Directions - Quote all lines below exactly. Images stay out.

The data -
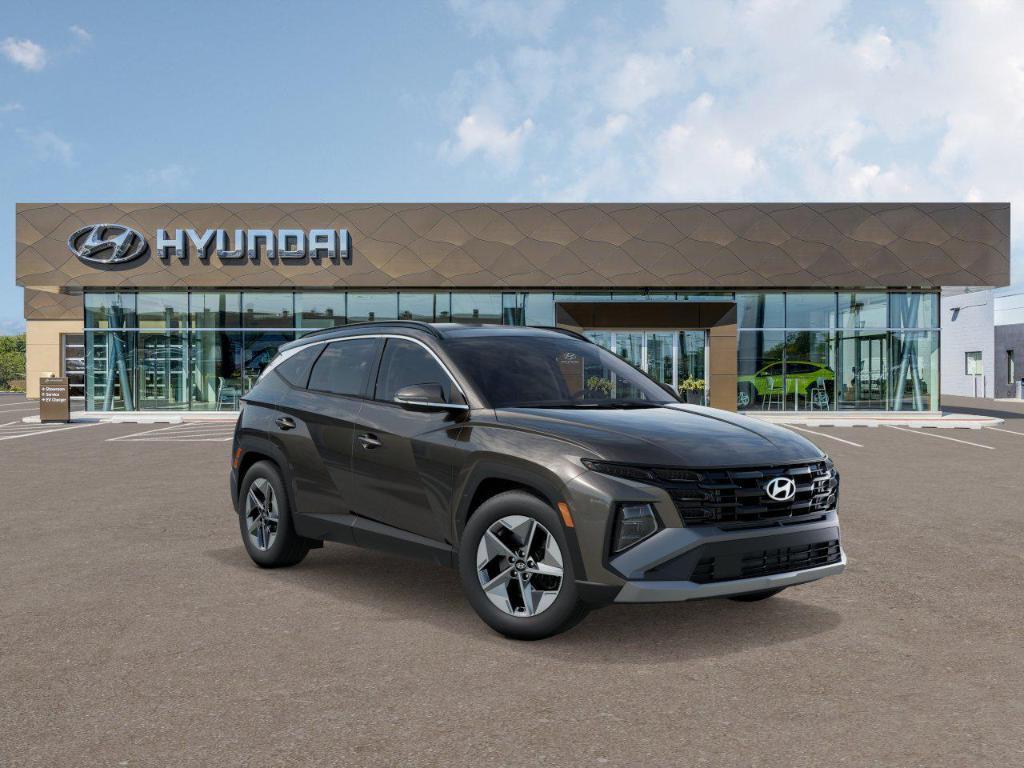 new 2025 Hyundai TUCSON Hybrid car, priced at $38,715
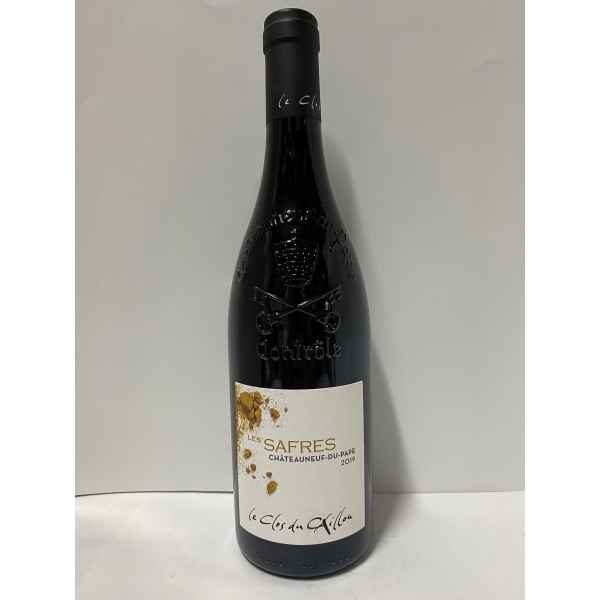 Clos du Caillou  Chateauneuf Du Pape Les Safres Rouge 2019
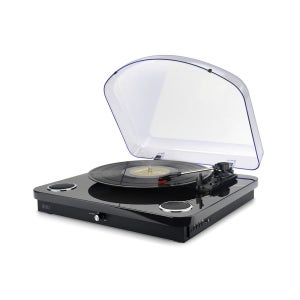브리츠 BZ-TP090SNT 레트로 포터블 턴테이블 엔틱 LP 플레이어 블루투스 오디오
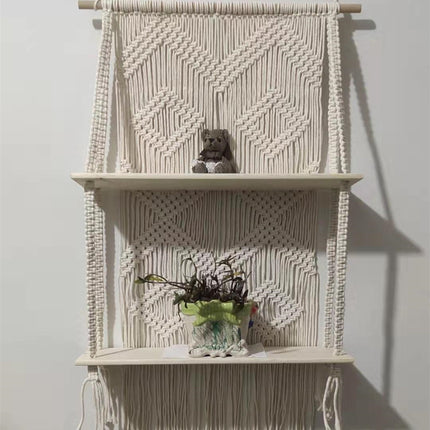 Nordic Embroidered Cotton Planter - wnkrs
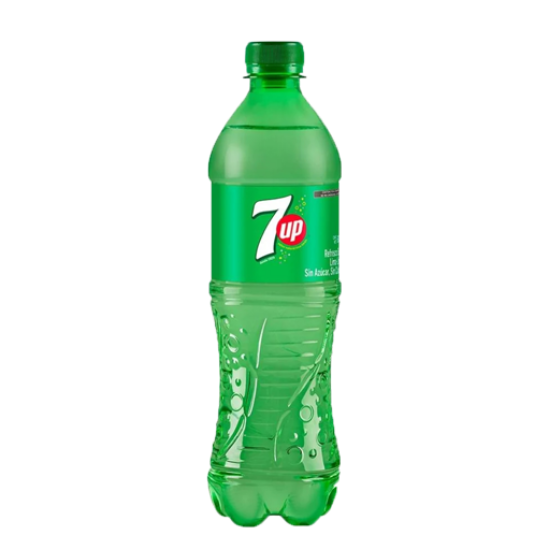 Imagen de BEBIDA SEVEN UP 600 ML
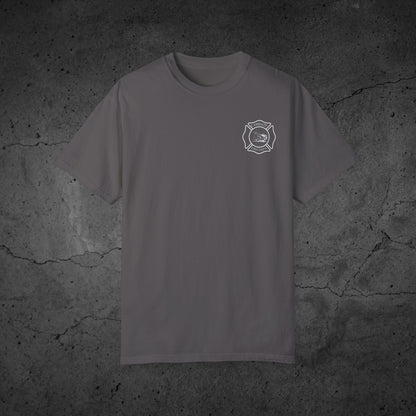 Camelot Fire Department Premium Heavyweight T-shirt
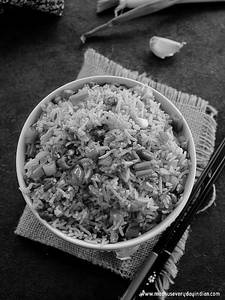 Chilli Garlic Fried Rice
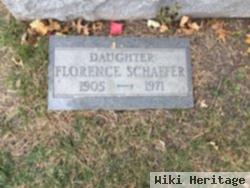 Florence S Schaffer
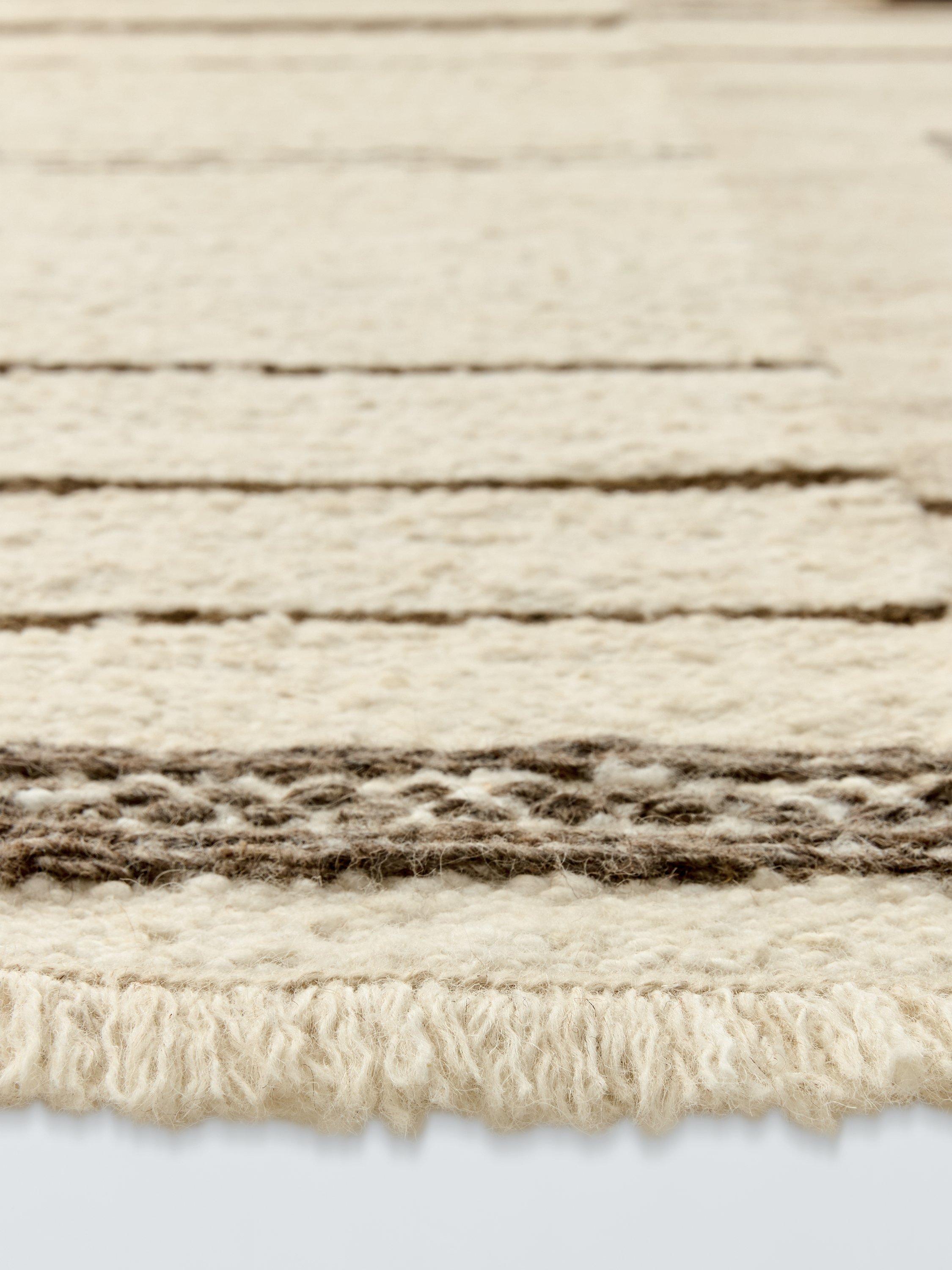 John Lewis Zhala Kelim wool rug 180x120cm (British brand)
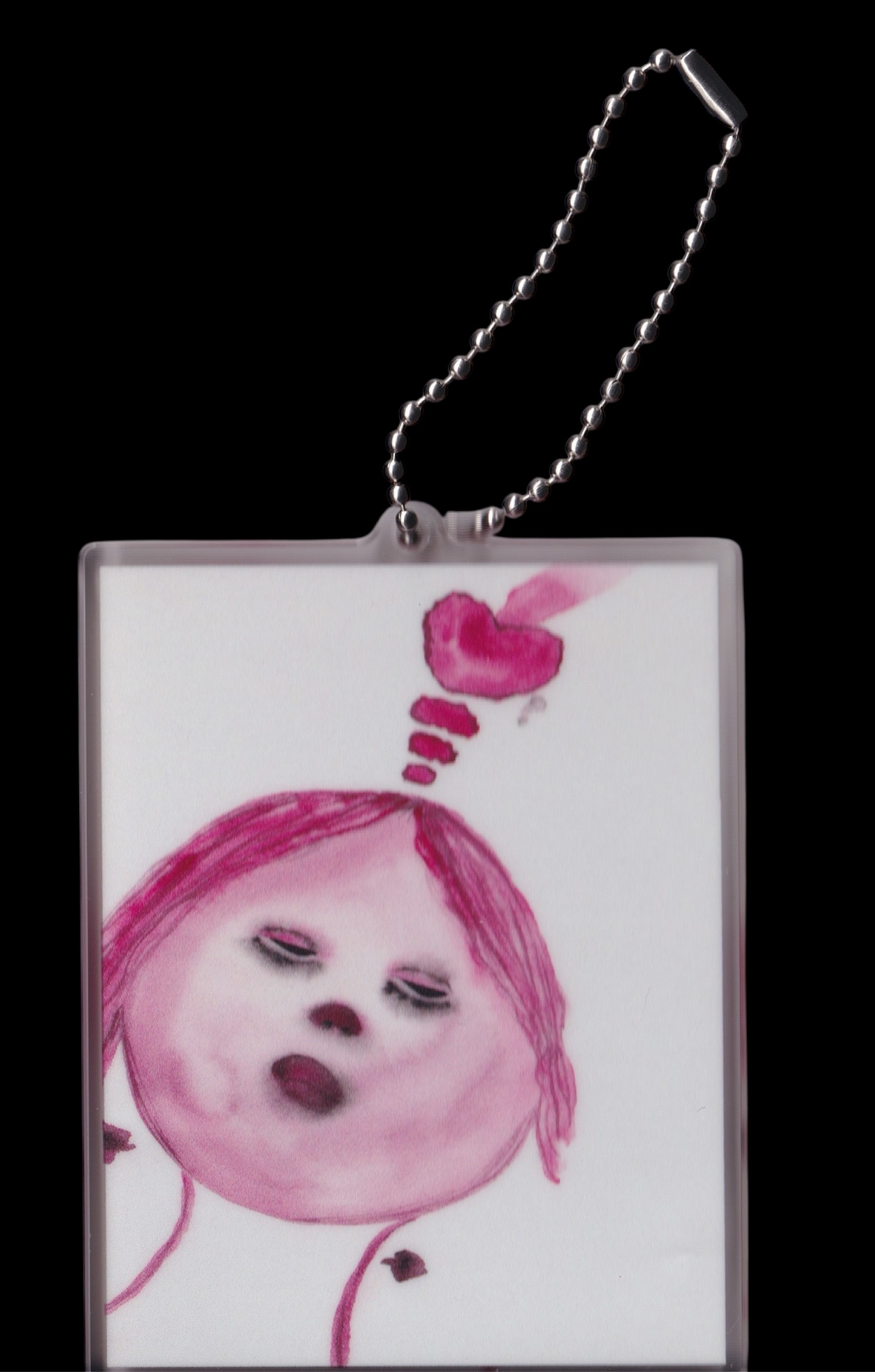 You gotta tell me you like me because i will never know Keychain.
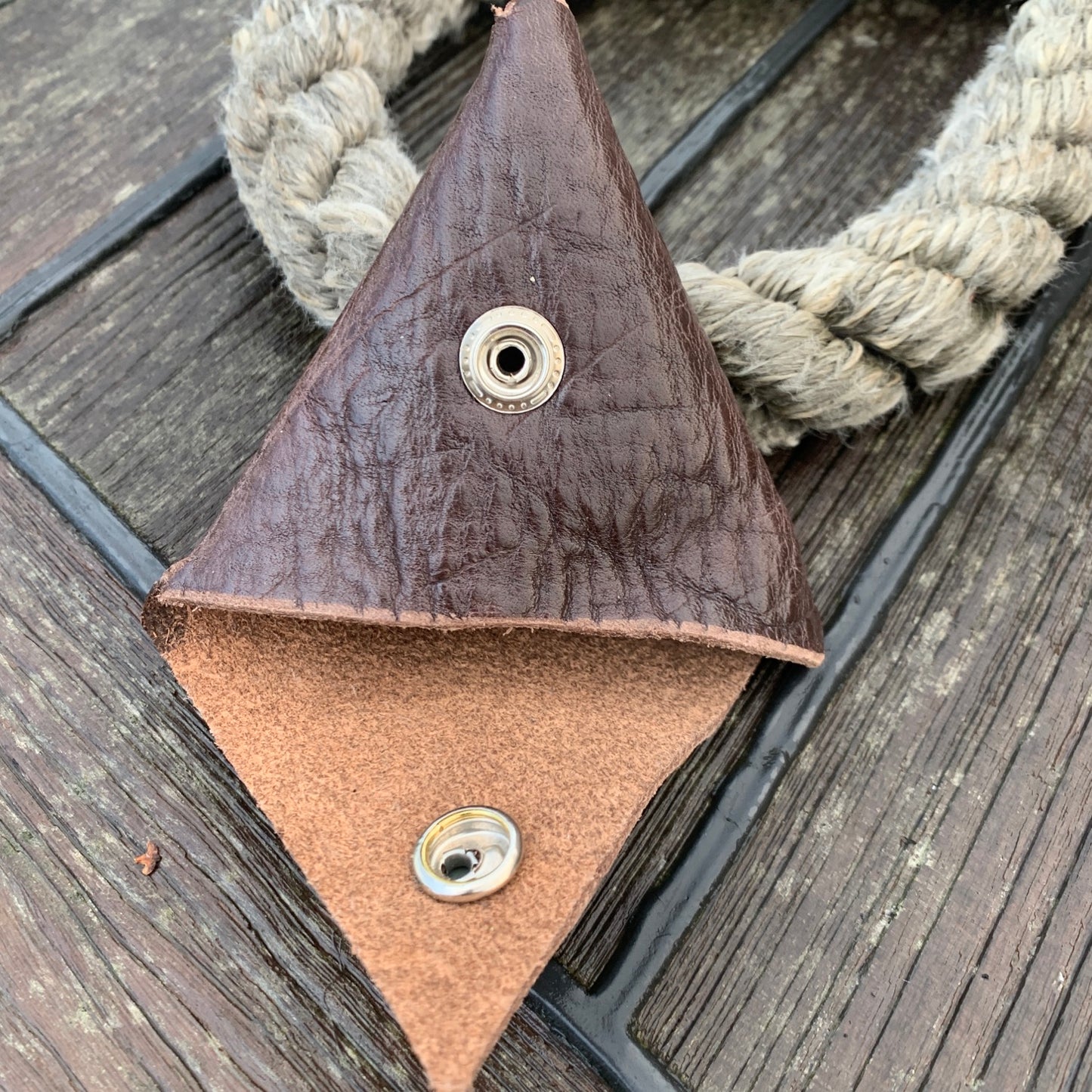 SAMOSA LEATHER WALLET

Expected answer -
 new 2025 Hyundai TUCSON Hybrid car, priced at $38,715
 Clos du Caillou  Chateauneuf Du Pape Les Safres Rouge 2019
브리츠 BZ-TP090SNT 레트로 포터블 턴테이블 엔틱 LP 플레이어 블루투스 오디오
 Nordic Embroidered Cotton Planter - wnkrs
 Imagen de BEBIDA SEVEN UP 600 ML
 Camelot Fire Department Premium Heavyweight T-shirt
 Chilli Garlic Fried Rice
 Florence S Schaffer
 John Lewis Zhala Kelim wool rug 180x120cm (British brand)
 You gotta tell me you like me because i will never know Keychain.
 SAMOSA LEATHER WALLET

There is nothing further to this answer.